Cependant, alors que la nullité pour déceptivité de la marque sanctionne la confusion que crée la marque sur un public de consommateurs moyens du fait de son seul contenu, la pratique commerciale trompeuse sanctionne des comportements ayant pour finalité la même tromperie du consommateur moyen, en sorte qu’elle suppose, ainsi que le relevaient justement les premiers juges, que soit mis en évidence des manoeuvres destinées à tromper le public pertinent sur les mêmes éléments caractérisant la déceptivité de la marque.
Ainsi, le juge de la déceptivité n’apprécie t-il que le ‘contenu’ de la marque là où le juge de la pratique commerciale trompeuse ou déloyale apprécie un ‘comportement’.
En outre, la pratique commerciale trompeuse ou déloyale nécessite que dans les deux cas la dite pratique soit de nature à altérer ou créer un risque d’altérer de manière substantielle le comportement économique du public pertinent le conduisant à prendre une décision commerciale qu’il n’aurait pas prise autrement.
Quant au dommage en résultant, dans le cas de pratiques commerciales déloyales ou trompeuses engageant la responsabilité civile du contrevenant, il ne peut s’agir que d’une modification substantielle du comportement commercial du consommateur de la marque subissant les dites pratiques, à son détriment ou au profit de la marque concurrente.
Le seul emploi de la mention protégée ‘1855″ dans la marque litigieuse n’est pas suffisant à caractériser une ‘pratique’ commerciale déloyale ou trompeuse, constitutive d’une faute mais il s’y ajoute ici une stratégie commerciale axée sur l’univers du vin et des grands crus classés 1855 et une habile référence à l’année 1855 en tant qu’elle a également vu l’avénement de la machine à coudre Singer.
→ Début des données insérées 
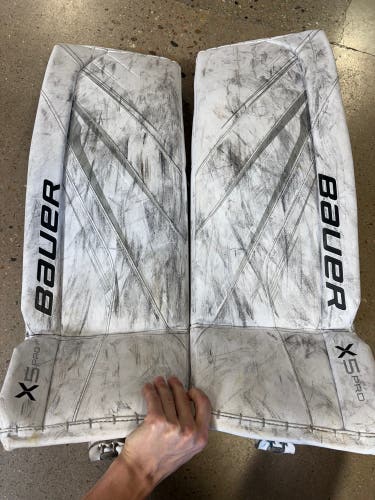 34+" Senior Medium Bauer Vapor X5 Pro Goalie Leg Pads (Used)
Or, même à retenir que le risque de confusion créé par la marque sur un public pertinent, pour retenir le caractère déceptif de la marque litigieuse, résulte d’une pratique commerciale déloyale ou trompeuse, force est de constater que le dossier ne contient aucun élément de nature à établir que cette confusion à pu altérer d’une quelconque manière ou créer un risque d’altération, a fortiori de manière substantielle, le comportement commercial de ce consommateur au profit de la marque litigieuse ou au détriment de la marque 1855, alors que les deux marques ne recouvrent pas les mêmes produits ou services, le Conseil se contentant de rappeler la confusion entretenue par la marque litigieuse avec l’univers du vin et des châteaux ainsi que l’ancienneté de la marque et d’affirmer ‘qu’il existe un risque pour le consommateur de voir son comportement altéré’, ce qui est bien insuffisant pour caractériser une pratique commerciale déloyale ou trompeuse altérant ou risquant d’altérer de manière substantielle le comportement du consommateur de la marque ‘1855″, de nature à engager la responsabilité civile de la société Al Concept.